TASK GOAL -
Images within the entries are to be omitted; the remainder must be reproduced exactly.

[Captioned web image data]
+ + +

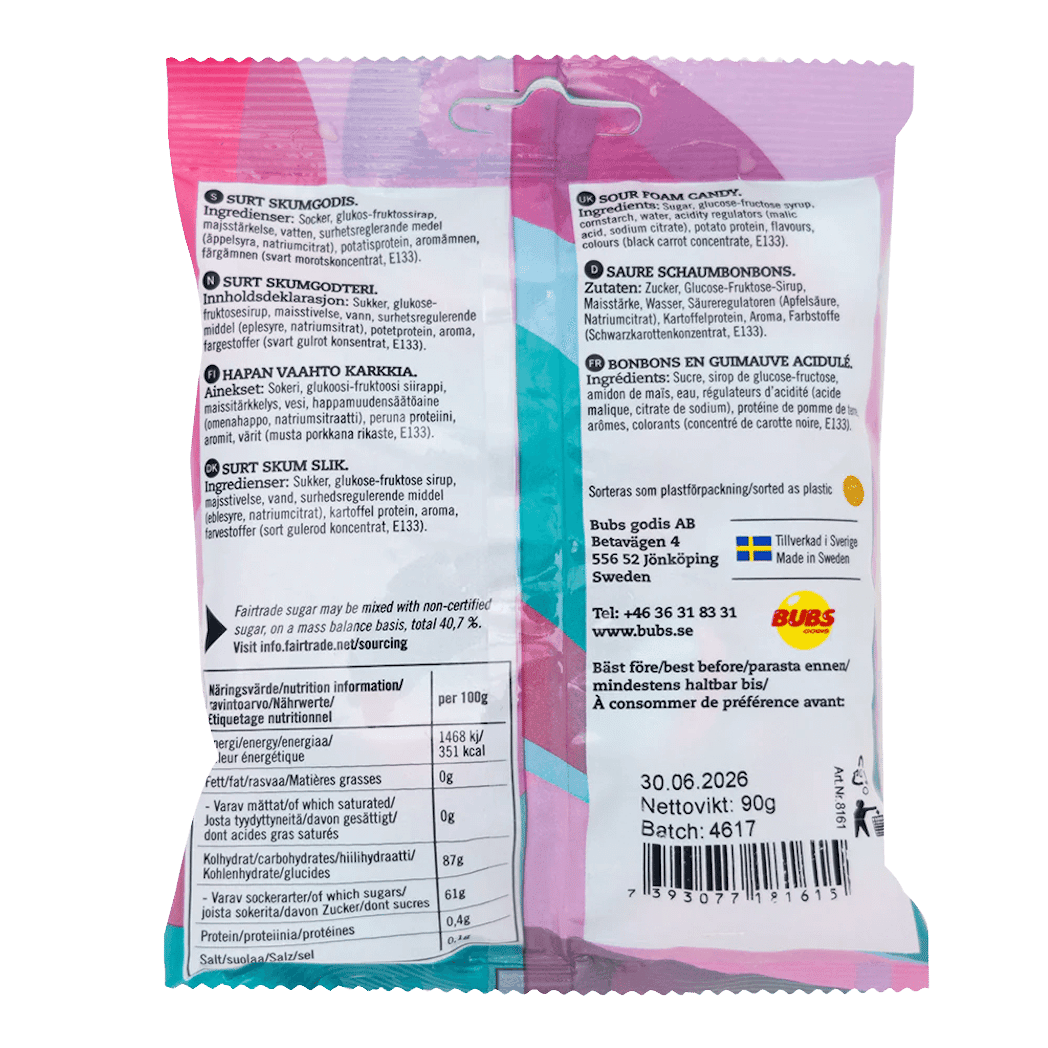 BUBS Godis Goody Raspberry and Blueberry 90g 3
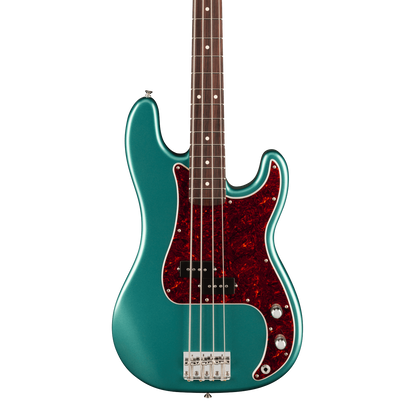 Front of Fender American Professional Classic Precision Bass Rosewood Faded Sherwood Green Metallic.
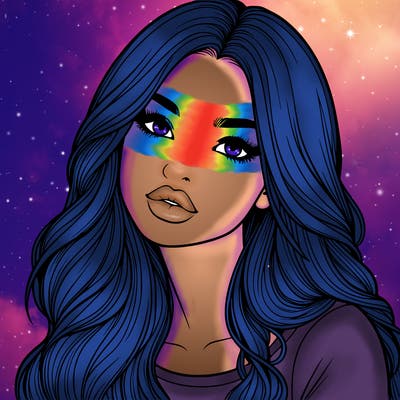 realistic girl with hair on her hair and lips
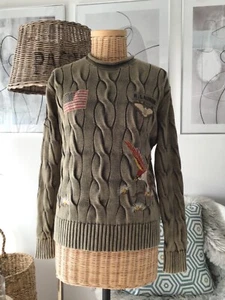 Polo Ralph Lauren Pullover Gr. S khakigrün mit Zopfmuster und Stickerei - Bild 1 von 8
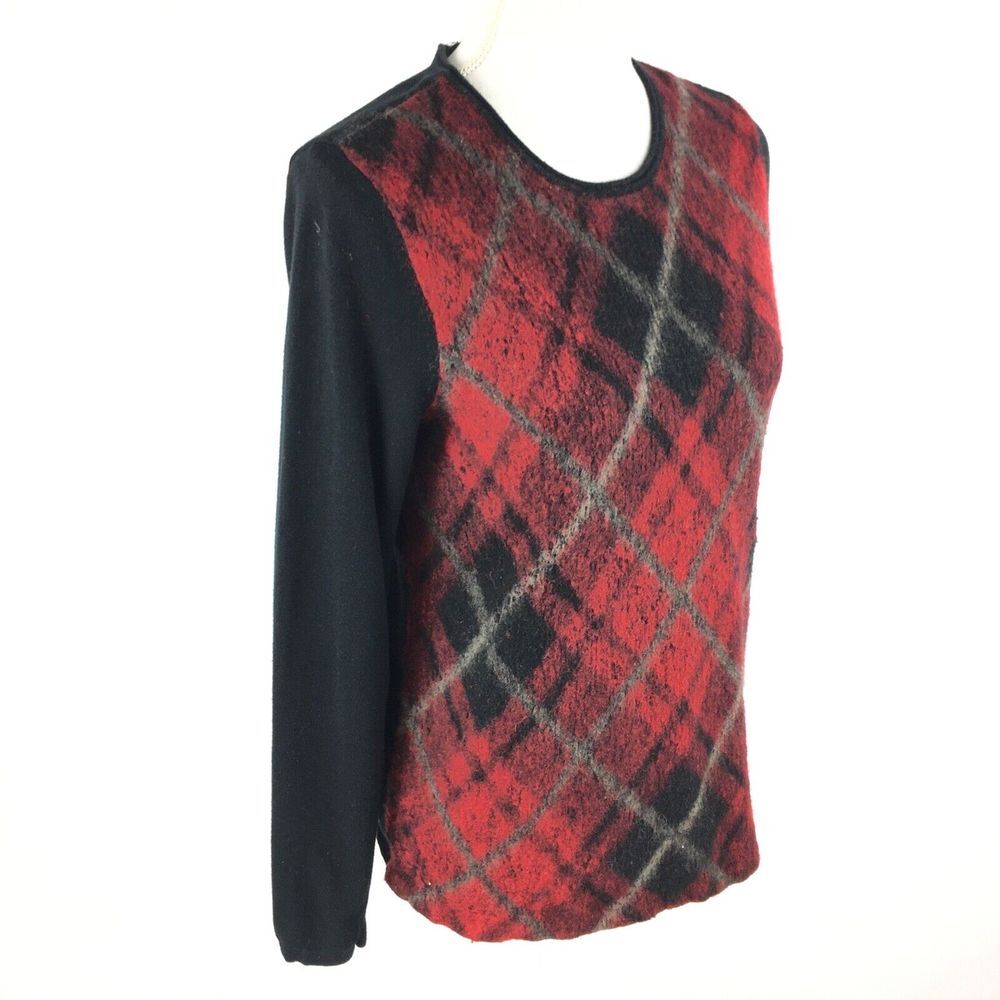 J. Jill Womens Wool Blend Tartan Argyle Plaid Sweater S Small Long Sleeve Red - Picture 4 of 9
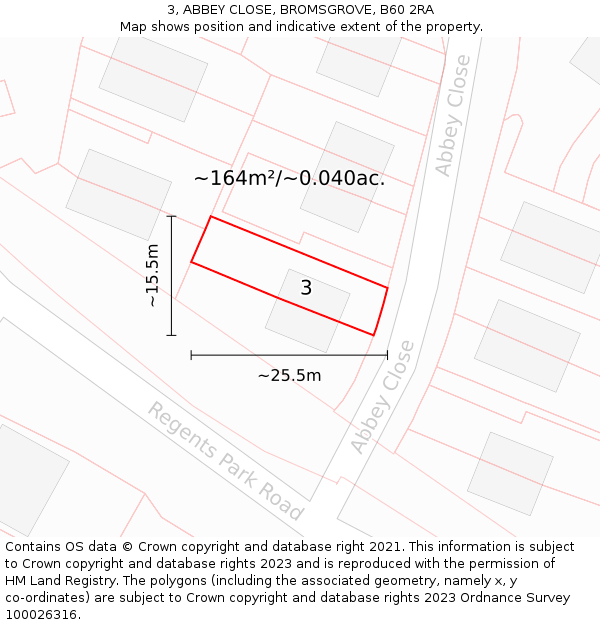 3, ABBEY CLOSE, BROMSGROVE, B60 2RA: Plot and title map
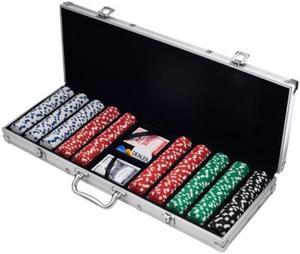 trademark poker poker chip set for texas holdem, blackjack, gambling with carrying case, cards, buttons and 500 dice style casino chips 11.5 gram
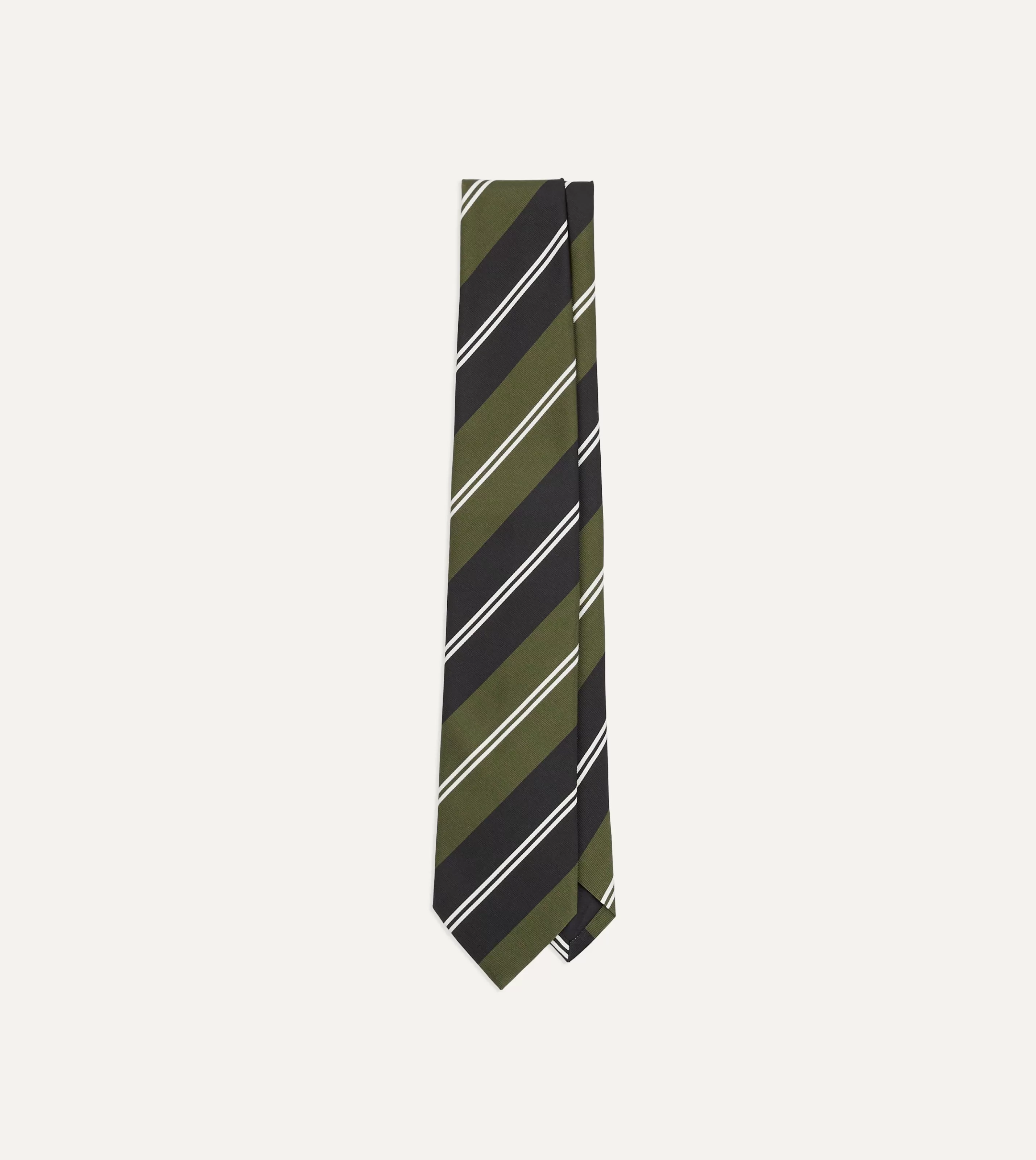 Drake’s Striped Ties | Green, Navy And White Regimental Stripe Mogador Tipped Tie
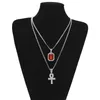 Mens Fashion Hip Hop Gioielli Gold Chain Gold Rhinestone Rosso Ruby Cross Cipndant Set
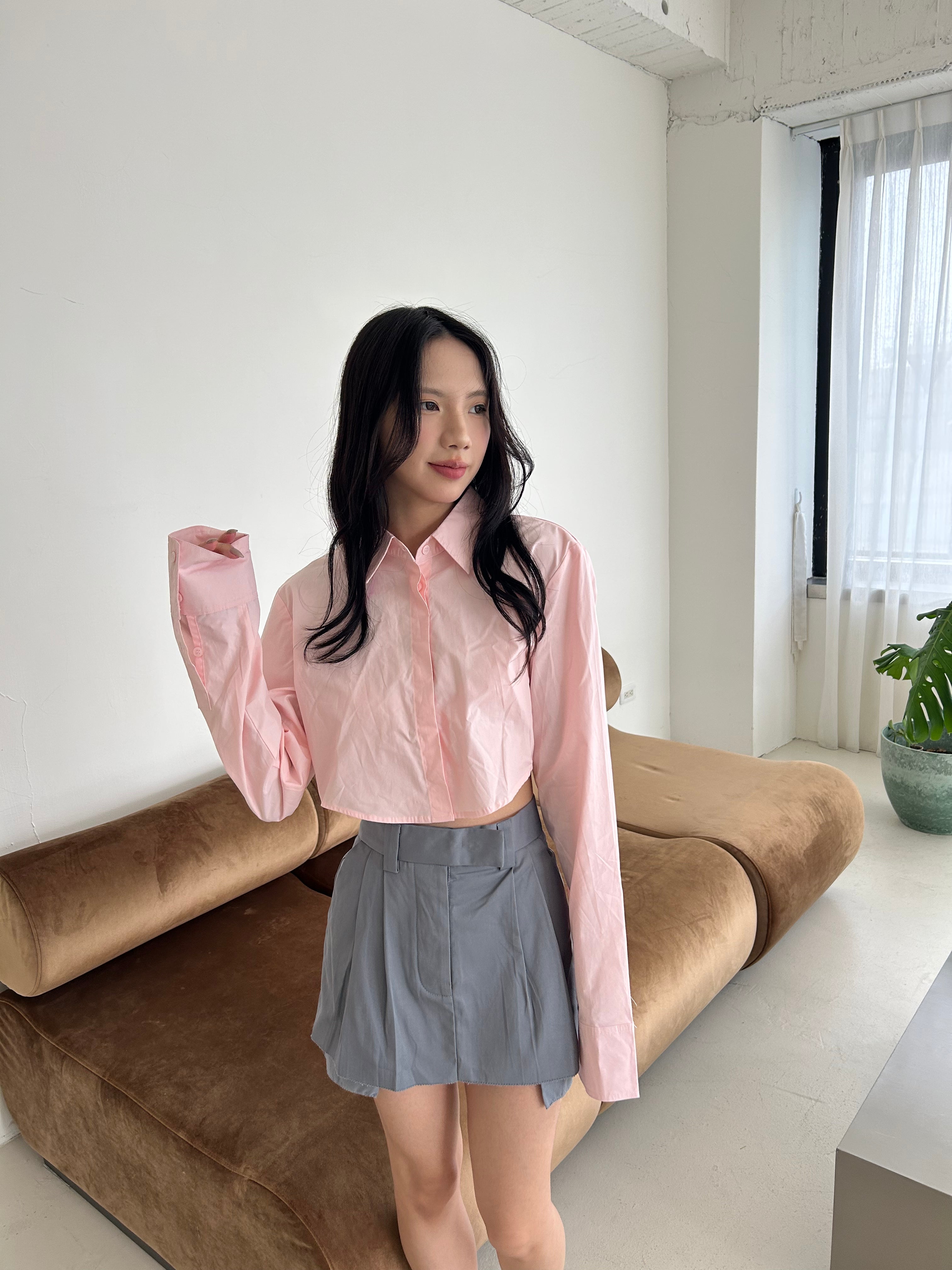 長袖短版襯衫<br>Cotton Oxford Shirt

+ + +

EXERCISE OUTPUT -
 BUBS Godis Goody Raspberry and Blueberry 90g 3
 Front of Fender American Professional Classic Precision Bass Rosewood Faded Sherwood Green Metallic.
 realistic girl with hair on her hair and lips
 Polo Ralph Lauren Pullover Gr. S khakigrün mit Zopfmuster und Stickerei - Bild 1 von 8
 J. Jill Womens Wool Blend Tartan Argyle Plaid Sweater S Small Long Sleeve Red - Picture 4 of 9
 3, ABBEY CLOSE, BROMSGROVE, B60 2RA: Plot and title map
 trademark poker poker chip set for texas holdem, blackjack, gambling with carrying case, cards, buttons and 500 dice style casino chips 11.5 gram
 Drake’s Striped Ties | Green, Navy And White Regimental Stripe Mogador Tipped Tie
 Mens Fashion Hip Hop Gioielli Gold Chain Gold Rhinestone Rosso Ruby Cross Cipndant Set
 長袖短版襯衫<br>Cotton Oxford Shirt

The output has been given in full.